I actually had, and was very proud of, one of the relatively rare Canadian made luggable computers.  It was a Canadian made, and physically exceptionally well designed, Hyperion computer.  Dual floppy drives, of course, and a rather beautiful machine in terms of its ergonomics and overall design.  It did have one fatal flaw: the read only memory, the basic programming that ran everything else, was only designed for PC/MS-DOS version 1.0.  That meant that there was absolutely no possibility of ever installing a hard drive in one of these machines.

(It, along with so much other technology that I had hoped to donate to a computer museum one of these days, went in the mass furor and clear out as Gloria was dying [and slightly before we actually knew that Gloria was dying], while the girls were throwing me out of the townhouse, and moving me to Delta.  There were $120,000 worth of, primarily technical, books that went in that clear out, and more than a couple of trunks full of old computers, old laptops, various kinds of boards, and a whole bunch of ancient technology.)

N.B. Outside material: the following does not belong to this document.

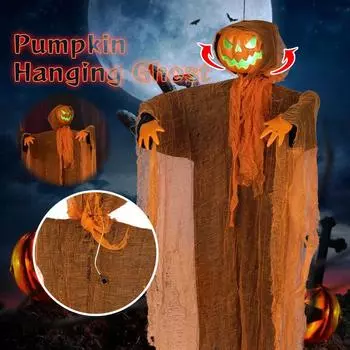 Украшения для вечеринки в честь Хэллоуина с тыквой, подвесная голова, зеленый свет, вращающаяся голова, тыква, излучающая свет, звук, подвесные реквизиты для двора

And, speaking of ancient technology, and five and a quarter inch floppy disks, it reminded me of all kinds of ancient storage media, a lot of which went in that clear out.  As well as a whole bunch of three and a half inch discs, and 5 1/4 inch discs, a whole bunch of eight inch floppy disks went.  There were also various formats of tape storage, including some nine track tape reels.  I never actually worked with punch cards, but I did have an opportunity to play with them at one point, and so there were a bunch of punch cards that went, as well.  I didn't still have any, but I do remember doing some educational programming with twelve inch laser video discs.  (As far as I can recall, the total storage capacity of video on those twelve inch discs was about thirty minutes of video.)  All kinds of storage, all kinds of memory, all kinds of files and information.  All lost, like tears in the rain.

And the dream reminded me not only to write down the thoughts about storage, and ancient storage, and luggable computers, and ancient technologies, but also about multi-factor authentication, and also about my dead phone.  And I was awakened out of the dream at four in the morning, and I've got all these ideas swirling around and have to get them down or I'll never get to sleep, so I guess I'm up for the day.